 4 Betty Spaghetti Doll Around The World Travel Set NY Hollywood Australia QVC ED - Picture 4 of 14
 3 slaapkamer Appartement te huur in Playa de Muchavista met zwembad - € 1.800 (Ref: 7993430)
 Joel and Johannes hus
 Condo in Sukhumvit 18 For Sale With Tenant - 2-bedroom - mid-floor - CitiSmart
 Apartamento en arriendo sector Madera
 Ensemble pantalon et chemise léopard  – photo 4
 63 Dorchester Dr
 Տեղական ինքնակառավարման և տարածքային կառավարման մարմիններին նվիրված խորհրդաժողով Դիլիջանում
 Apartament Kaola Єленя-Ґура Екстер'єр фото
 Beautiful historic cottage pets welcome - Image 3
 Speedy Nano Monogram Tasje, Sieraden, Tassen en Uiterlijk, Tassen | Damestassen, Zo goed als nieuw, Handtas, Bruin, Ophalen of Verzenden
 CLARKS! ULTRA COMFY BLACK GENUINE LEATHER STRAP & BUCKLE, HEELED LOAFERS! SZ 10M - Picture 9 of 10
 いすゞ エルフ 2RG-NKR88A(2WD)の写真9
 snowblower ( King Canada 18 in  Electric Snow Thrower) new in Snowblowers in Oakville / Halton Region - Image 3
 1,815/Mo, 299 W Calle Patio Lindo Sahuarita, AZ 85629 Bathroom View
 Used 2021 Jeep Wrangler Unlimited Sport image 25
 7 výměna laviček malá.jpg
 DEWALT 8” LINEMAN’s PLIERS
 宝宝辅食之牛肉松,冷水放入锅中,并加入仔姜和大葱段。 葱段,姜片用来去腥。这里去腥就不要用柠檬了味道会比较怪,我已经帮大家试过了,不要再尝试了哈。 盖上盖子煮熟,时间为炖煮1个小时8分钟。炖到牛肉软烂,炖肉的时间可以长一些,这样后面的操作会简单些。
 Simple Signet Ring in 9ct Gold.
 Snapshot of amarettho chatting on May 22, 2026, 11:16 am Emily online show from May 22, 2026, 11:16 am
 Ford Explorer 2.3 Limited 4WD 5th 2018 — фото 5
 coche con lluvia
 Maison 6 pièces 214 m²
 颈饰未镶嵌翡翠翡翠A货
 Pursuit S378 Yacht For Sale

# [EXERCISE GOAL]
Transcribe the lines above between the line holding "Տեղական ինքնակառավարման և" and the line holding "1,815/Mo, 299 W", inclusive, exactly as they stand and with nothing added.

# [THE COMPLETED TASK]
 Տեղական ինքնակառավարման և տարածքային կառավարման մարմիններին նվիրված խորհրդաժողով Դիլիջանում
 Apartament Kaola Єленя-Ґура Екстер'єр фото
 Beautiful historic cottage pets welcome - Image 3
 Speedy Nano Monogram Tasje, Sieraden, Tassen en Uiterlijk, Tassen | Damestassen, Zo goed als nieuw, Handtas, Bruin, Ophalen of Verzenden
 CLARKS! ULTRA COMFY BLACK GENUINE LEATHER STRAP & BUCKLE, HEELED LOAFERS! SZ 10M - Picture 9 of 10
 いすゞ エルフ 2RG-NKR88A(2WD)の写真9
 snowblower ( King Canada 18 in  Electric Snow Thrower) new in Snowblowers in Oakville / Halton Region - Image 3
 1,815/Mo, 299 W Calle Patio Lindo Sahuarita, AZ 85629 Bathroom View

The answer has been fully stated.